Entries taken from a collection
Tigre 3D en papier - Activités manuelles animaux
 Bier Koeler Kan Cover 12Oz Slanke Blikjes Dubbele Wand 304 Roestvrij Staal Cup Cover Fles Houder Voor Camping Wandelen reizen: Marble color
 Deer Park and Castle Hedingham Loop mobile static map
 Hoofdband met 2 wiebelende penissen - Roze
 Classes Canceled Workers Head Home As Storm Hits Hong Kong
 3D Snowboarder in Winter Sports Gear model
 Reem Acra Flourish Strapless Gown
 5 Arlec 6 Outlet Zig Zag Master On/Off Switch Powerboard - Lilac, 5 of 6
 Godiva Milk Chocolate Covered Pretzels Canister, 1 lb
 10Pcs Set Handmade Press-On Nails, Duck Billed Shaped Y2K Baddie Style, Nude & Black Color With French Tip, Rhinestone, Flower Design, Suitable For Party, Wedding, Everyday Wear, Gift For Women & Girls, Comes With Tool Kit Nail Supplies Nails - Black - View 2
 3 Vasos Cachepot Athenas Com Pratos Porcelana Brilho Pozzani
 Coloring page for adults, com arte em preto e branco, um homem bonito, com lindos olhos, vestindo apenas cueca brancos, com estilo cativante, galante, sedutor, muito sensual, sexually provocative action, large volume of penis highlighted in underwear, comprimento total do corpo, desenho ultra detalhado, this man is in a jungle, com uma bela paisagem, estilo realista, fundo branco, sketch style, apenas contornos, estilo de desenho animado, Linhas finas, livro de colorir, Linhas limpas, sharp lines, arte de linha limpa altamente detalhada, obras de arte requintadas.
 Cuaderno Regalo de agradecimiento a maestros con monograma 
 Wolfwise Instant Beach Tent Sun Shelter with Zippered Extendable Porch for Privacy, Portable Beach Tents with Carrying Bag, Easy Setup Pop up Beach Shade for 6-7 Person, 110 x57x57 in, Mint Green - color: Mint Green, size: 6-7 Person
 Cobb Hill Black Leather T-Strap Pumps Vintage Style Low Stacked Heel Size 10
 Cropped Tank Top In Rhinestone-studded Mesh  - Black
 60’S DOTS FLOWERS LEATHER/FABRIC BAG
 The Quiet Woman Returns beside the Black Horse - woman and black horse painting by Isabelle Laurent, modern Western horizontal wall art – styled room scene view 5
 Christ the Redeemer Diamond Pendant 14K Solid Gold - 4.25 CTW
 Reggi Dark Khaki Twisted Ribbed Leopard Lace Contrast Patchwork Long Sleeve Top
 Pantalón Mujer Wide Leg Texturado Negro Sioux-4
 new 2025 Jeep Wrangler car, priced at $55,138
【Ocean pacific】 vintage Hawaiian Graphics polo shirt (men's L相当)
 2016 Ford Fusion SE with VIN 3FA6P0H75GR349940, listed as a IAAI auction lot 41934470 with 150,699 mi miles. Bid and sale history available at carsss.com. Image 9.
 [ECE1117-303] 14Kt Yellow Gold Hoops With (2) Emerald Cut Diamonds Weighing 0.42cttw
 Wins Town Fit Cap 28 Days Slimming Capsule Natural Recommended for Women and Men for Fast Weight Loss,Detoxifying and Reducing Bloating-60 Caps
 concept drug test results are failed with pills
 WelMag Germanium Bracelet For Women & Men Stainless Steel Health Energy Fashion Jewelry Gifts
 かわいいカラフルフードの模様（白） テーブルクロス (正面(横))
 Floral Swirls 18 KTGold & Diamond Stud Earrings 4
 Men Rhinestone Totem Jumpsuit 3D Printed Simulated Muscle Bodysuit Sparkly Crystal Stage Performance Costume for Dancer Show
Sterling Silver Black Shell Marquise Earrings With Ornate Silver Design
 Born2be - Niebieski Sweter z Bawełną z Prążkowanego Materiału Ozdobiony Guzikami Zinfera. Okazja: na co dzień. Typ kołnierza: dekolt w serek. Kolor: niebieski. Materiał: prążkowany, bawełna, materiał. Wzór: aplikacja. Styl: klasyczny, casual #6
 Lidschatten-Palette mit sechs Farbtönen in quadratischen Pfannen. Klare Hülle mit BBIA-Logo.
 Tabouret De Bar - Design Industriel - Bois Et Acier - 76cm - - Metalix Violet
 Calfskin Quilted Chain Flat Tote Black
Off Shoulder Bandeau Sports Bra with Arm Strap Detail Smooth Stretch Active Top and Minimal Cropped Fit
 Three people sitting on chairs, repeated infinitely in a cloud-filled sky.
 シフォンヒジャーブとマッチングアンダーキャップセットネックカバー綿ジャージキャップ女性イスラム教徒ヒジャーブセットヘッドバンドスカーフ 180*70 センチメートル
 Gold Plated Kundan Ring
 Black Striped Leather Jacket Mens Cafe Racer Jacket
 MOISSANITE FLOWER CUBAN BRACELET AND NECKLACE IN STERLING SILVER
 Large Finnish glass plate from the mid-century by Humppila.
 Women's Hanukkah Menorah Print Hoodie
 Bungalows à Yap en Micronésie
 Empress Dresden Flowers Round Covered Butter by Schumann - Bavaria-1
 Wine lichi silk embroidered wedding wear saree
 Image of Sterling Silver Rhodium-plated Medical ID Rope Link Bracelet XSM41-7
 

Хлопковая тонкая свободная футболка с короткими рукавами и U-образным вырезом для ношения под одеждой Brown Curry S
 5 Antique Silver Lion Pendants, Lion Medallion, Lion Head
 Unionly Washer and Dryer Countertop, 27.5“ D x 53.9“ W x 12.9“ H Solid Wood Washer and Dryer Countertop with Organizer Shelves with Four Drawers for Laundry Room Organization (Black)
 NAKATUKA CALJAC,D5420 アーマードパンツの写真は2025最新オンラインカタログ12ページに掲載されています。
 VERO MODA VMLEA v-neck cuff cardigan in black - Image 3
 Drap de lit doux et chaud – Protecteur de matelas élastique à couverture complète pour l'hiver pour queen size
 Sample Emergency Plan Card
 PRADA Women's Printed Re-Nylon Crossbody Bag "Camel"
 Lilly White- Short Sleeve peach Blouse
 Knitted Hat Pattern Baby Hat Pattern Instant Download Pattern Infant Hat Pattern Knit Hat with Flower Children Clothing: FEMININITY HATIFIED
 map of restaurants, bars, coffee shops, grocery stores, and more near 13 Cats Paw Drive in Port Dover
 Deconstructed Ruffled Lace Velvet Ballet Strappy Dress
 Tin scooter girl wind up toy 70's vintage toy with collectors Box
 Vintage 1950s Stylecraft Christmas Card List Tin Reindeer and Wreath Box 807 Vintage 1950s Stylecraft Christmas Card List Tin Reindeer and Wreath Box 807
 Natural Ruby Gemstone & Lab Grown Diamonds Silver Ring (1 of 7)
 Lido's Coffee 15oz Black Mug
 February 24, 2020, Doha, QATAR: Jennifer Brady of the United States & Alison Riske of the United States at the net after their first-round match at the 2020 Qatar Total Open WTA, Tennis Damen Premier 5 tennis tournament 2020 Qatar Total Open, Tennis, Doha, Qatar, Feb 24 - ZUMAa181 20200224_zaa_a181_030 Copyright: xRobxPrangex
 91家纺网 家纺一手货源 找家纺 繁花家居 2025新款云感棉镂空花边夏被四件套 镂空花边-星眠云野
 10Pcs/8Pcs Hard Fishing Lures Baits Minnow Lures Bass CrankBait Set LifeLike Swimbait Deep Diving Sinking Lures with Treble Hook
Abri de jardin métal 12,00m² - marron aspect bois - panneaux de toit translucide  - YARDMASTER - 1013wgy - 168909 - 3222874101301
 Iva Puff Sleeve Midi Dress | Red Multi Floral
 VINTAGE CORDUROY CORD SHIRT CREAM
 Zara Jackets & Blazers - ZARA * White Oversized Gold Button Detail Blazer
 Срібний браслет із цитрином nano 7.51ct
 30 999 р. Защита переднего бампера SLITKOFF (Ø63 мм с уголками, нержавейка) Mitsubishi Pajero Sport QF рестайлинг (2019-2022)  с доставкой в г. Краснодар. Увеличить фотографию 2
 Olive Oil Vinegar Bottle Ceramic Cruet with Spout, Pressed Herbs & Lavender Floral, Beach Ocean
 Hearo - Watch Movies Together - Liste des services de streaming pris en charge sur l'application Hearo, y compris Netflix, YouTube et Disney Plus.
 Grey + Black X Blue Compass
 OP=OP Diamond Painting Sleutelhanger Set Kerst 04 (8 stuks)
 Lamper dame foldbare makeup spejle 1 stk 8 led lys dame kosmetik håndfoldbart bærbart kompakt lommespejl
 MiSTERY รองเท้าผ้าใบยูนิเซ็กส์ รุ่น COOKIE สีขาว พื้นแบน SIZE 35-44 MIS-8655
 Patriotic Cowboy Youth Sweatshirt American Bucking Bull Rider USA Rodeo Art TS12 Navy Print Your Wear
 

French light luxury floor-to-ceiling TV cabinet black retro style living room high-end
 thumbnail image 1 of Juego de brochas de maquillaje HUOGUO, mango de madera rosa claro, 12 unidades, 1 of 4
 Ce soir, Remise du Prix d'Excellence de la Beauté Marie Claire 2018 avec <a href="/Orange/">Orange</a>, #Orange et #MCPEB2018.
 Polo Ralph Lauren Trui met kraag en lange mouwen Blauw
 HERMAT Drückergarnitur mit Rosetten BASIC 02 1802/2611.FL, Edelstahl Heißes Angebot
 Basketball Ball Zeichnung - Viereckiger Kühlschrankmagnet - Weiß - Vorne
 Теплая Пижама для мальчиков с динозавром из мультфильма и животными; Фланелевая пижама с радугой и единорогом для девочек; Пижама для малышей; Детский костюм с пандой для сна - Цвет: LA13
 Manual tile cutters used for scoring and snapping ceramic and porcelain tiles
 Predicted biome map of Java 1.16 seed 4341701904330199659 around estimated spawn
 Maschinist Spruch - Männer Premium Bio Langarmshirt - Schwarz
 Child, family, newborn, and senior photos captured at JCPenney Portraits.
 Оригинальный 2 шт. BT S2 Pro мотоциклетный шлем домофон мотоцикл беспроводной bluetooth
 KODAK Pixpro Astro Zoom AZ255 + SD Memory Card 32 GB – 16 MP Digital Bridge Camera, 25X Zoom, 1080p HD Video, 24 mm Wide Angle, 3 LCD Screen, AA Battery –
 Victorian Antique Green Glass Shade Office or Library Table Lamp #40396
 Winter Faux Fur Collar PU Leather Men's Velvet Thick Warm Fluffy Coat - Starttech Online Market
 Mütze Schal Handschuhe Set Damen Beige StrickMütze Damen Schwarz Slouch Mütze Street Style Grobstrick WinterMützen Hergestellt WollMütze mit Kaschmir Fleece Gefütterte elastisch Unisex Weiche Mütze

TASK PROMPT
Only the lines above starting with the one with "Christ the Redeemer" and going through the one with "[ECE1117-303] 14Kt Yellow" are to be copied, word for word and with both ends kept.

SOLUTION TO THIS PROBLEM
 Christ the Redeemer Diamond Pendant 14K Solid Gold - 4.25 CTW
 Reggi Dark Khaki Twisted Ribbed Leopard Lace Contrast Patchwork Long Sleeve Top
 Pantalón Mujer Wide Leg Texturado Negro Sioux-4
 new 2025 Jeep Wrangler car, priced at $55,138
【Ocean pacific】 vintage Hawaiian Graphics polo shirt (men's L相当)
 2016 Ford Fusion SE with VIN 3FA6P0H75GR349940, listed as a IAAI auction lot 41934470 with 150,699 mi miles. Bid and sale history available at carsss.com. Image 9.
 [ECE1117-303] 14Kt Yellow Gold Hoops With (2) Emerald Cut Diamonds Weighing 0.42cttw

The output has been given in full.